In contrast, the Korean Exodus had 19 players to go China alone. Five more went to North America, three to Europe, and four to smaller regions, totaling 31. That’s more than four times the number of players who have left Europe this year, and the equivalent of six five-man rosters.

In terms of quantity, the European exits don’t even come close. But what about quality?

Froggen is a mid laner who has played professionally since Season 1. He played for the legendary Counter Logic Gaming EU team that became one of the best teams in the world in Season 2. Although his subsequent teams would not be as successful, his skill has held steady over the years. After the implosion of Elements last year, it’s no wonder Froggen has moved on.

Yell0wStaR is another veteran talent of Europe who has played since Season 1. He joined Fnatic in Season 3 initially as an AD carry but switched to support in Season 4. Through that time, he and Fnatic continued to be one of the best European teams, winning various LCS titles and attending worlds. In 2015, he led a reconstructed Fnatic team that included Huni and Reignover to first place in both splits of EU LCS and top-four finishes in the Mid-Season Invitational and the League of Legends World Championships.

Huni and Reignover surprised analysts with their synergy, establishing themselves as the best jungle-top combination of the LCS in both splits. Huni was also awarded “Rookie of the Split” for his spring performance. Their departure, along with Yell0wStaR, is not only a loss to the EU scene, but a blow to Fnatic, which must rebuild once more.

Freeze has been playing for years but only occasionally qualified for the EU LCS under Ninjas in Pajamas.

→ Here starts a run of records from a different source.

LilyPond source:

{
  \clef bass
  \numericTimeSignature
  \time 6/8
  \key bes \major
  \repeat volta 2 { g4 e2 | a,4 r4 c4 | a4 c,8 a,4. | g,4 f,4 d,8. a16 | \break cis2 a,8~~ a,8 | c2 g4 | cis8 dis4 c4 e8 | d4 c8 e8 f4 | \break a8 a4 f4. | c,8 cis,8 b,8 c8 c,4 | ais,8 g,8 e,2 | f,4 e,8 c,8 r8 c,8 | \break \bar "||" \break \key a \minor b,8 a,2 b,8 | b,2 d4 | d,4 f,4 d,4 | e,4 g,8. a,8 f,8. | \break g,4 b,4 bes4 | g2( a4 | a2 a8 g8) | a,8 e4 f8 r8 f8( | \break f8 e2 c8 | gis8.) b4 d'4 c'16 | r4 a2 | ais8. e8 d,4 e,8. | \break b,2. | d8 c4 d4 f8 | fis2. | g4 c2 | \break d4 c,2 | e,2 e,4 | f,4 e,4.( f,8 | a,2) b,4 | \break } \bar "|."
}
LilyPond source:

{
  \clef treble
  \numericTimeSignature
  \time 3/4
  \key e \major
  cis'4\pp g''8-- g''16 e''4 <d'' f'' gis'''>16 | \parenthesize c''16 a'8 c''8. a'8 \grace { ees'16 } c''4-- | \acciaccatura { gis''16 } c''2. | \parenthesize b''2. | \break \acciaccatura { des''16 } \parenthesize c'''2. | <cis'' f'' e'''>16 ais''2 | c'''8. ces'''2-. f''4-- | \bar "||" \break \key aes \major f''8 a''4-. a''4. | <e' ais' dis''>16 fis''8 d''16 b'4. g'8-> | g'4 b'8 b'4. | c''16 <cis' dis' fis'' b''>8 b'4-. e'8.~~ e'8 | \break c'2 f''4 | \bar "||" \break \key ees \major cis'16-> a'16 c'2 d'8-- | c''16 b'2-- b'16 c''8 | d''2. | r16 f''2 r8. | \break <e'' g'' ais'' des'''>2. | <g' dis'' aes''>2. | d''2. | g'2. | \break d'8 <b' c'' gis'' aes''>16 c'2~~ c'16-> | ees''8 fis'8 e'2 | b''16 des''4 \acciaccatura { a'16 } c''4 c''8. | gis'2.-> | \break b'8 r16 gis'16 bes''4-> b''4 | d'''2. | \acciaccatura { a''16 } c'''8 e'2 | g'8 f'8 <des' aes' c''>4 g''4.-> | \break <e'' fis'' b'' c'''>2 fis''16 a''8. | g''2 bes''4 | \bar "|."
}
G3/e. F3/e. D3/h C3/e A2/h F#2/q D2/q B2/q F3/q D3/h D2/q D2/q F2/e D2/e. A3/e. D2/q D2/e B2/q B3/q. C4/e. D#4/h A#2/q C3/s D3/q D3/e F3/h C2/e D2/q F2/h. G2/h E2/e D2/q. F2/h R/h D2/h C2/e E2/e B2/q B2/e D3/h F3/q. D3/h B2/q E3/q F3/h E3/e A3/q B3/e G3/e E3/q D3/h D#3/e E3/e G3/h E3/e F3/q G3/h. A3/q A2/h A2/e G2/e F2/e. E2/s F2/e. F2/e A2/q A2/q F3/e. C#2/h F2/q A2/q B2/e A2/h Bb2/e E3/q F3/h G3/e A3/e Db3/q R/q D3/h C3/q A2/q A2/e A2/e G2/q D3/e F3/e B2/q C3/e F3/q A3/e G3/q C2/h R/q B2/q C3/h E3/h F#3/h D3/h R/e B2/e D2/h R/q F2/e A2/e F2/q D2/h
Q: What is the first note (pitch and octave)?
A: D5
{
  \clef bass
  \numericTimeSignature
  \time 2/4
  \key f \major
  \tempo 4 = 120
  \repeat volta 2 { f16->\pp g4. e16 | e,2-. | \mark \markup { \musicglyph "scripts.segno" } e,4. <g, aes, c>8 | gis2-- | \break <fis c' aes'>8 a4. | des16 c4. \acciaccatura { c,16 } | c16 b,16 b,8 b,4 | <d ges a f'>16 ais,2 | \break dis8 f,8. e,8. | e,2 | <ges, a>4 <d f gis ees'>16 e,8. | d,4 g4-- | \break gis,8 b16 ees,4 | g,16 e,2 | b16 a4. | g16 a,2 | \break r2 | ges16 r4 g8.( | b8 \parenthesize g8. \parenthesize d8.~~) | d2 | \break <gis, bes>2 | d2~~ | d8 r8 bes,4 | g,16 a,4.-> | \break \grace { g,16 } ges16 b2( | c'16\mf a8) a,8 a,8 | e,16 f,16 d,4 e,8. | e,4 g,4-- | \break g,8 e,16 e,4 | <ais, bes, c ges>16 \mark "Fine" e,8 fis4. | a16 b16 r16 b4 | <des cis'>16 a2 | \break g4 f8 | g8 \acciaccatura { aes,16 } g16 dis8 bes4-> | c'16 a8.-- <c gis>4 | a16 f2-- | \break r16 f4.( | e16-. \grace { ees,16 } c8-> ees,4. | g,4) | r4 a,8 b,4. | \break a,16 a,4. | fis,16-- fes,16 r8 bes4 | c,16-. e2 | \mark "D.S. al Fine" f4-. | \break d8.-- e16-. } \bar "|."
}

He played for Copenhagen Wolves last year, and though the team performed poorly, Freeze stood out with impressive carry performances. His skill is deserving of a top-level LCS team.

There is no denying the talent that has left Europe is strong, but so were the players who left Korea in 2014. A few of the most telling examples:

The Samsung sister teams of 2014 come to mind first. Samsung Blue was one of the most innovative and dominant teams in Korea. As good as it was, Samsung White eclipsed Blue at worlds that year in a startlingly easy fashion and is considered the best team of all time by many fans because of that tournament.

Following worlds, every player from those teams left. Among them were legendary talents Bae “dade” Eo-jin, Gu “imp” Seung-bin, Choi “DanDy” In-kyu, Cho “Mata” Se-hyeong, and Kim “Deft” Hyuk-kyu. Those players created legacies within Korea that took years to build, and they left overnight.

Other elite talent left Korea, too. Lee “KaKAO” Byung-kwon, current jungler for China’s Invictus Gaming, started his career with KT Rolster in Season 3, and consistently finished within the top three of various Champions seasons. With the KT Arrows, KaKAO was able to upset Samsung Blue in Champions Summer 2014 in the final round, cementing his reputation as one of the best junglers in the world. He was not able to go to worlds, however, as KT Rolster Arrows lost to Najin White Sword in the second round of the regional finals.

Another example is Chae “Piglet” Gwang-jin. Despite his personal decline alongside the rest of SK Telecom T1 in the Summer of 2014, Piglet was still an important part of the powerful lineup that won the 2013 world title and made Korean esports history by sweeping Champions Winter 2013–2014. He was released from SKT and joined Team Liquid in North America, where he and the team failed to meet expectations.

Piglet’s case is worth mentioning because he and his rival, imp, both left, bringing a sudden end to one the most entertaining rivalries in Korean LoL history. Others, like KaKAO vs. DanDy, or Faker vs PawN, were stripped away as players left. Korea was left with a power vacuum and needed a reboot. Fast.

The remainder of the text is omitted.